[Provided entries — start]
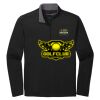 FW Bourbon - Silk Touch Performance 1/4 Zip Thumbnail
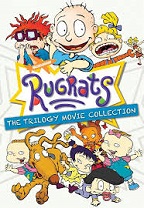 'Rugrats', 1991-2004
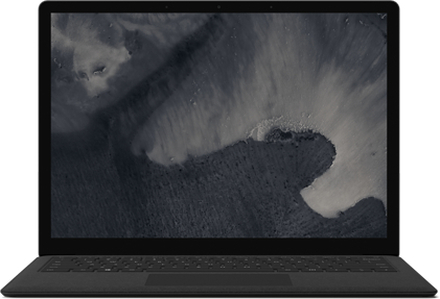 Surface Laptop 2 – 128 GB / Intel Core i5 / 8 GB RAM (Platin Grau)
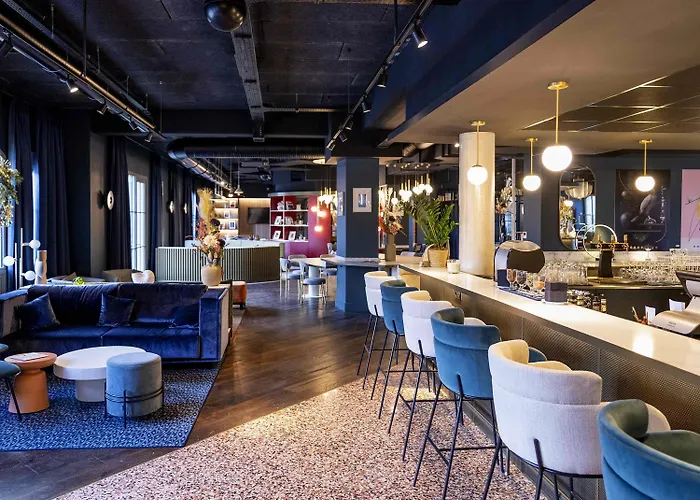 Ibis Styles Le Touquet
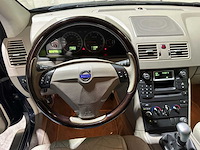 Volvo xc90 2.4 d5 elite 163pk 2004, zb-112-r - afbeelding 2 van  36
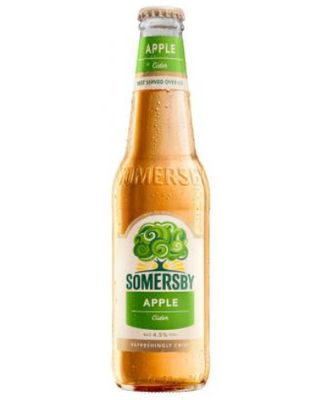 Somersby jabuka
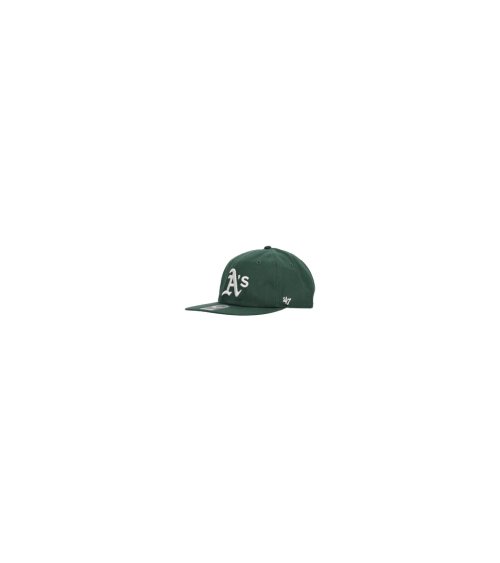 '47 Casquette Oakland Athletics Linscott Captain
[Provided entries — finish]
[Provided entries — start]
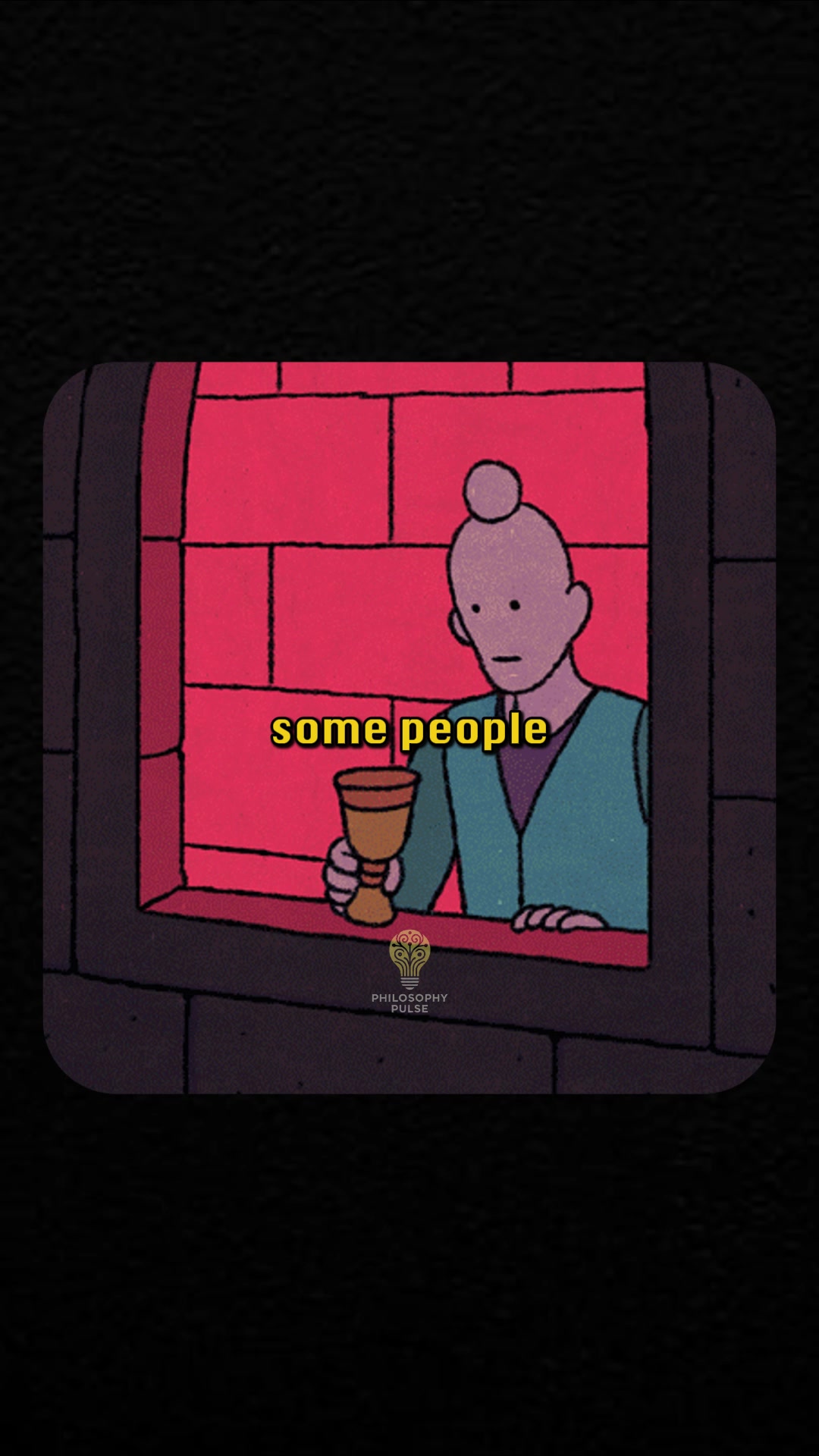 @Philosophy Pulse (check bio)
[Provided entries — finish]
→ **What needs to be done**: Leaving out the pictures, please output the lines in the entries above from the one with "Surface Laptop 2" through the one with "Athletics Linscott Captain", exactly as they are.

→ **Expected output**:
 Surface Laptop 2 – 128 GB / Intel Core i5 / 8 GB RAM (Platin Grau)
 Ibis Styles Le Touquet
 Volvo xc90 2.4 d5 elite 163pk 2004, zb-112-r - afbeelding 2 van  36
 Somersby jabuka
 '47 Casquette Oakland Athletics Linscott Captain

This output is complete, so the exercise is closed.